My notion of invincibility while driving had not just dented like the side of the SUV I hit, not just shattered like the windshield of my car, but I felt as if the guilt of driving while distracted would break every bone in my body. That, or my neck, which felt almost as bad as when I had nearly broken it as a child. I called my friend, somehow locating my phone in the wreck. Lunch would have to wait. After that, I called 911. Then, I called my parents. The weight of telling them I had not only crashed, but was at fault, could have torn my heart into two at that moment. Then, there was silence, or at least what felt like silence, as I could not care to hear the world around me in my shame. I could have, in that moment, destroyed my phone. That thought made me angry, as it was my stupid phone that had distracted me enough to almost kill myself and another driver. I really considered destroying my phone myself in that moment, but had no strength to do anything besides cry and wait for judgment.

This judgment did come, but it felt light compared to the possibilities of that crash going a little worse. No one was severely injured or killed, I had done minor damage to the guard rail I bounced off of, and the SUV only sustained minor damage. My car was the only thing that was totaled; my neck the only injury to persons involved. I received a fine, and my insurance had to adjust to this at fault accident.

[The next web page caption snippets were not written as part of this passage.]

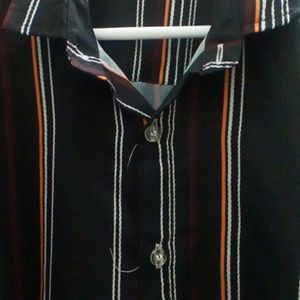 Combo Of 2 Men Shirts For -250/-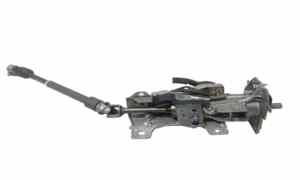 Canna dello sterzo (Piantone) per Citroen C4 Berlina (2004 - 2008)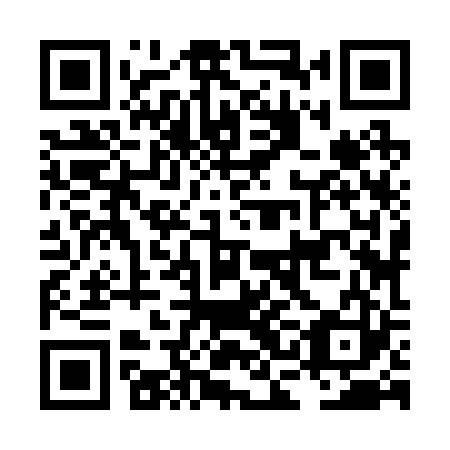 QR code for LCJ223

It has been several years since that accident. My neck still no longer has the complete painlessness that moving it once afforded. Sudden onset of rain while driving occasionally causes me to hyperventilate, and any sort of skid or slide on wet roads has a chance to send me into a panic. Beyond the loss of my sense of invincibility, these are the scars that one second of distracted driving afforded me. To say I was lucky feels foolish, but still haunts me regardless. There is no luck when it comes to distracted driving, and my only hope about writing this essay is the hope that I will continue to never let my phone be a larger priority than the road. It only took one second for it to change my life; one second earlier or later, and I might not have one.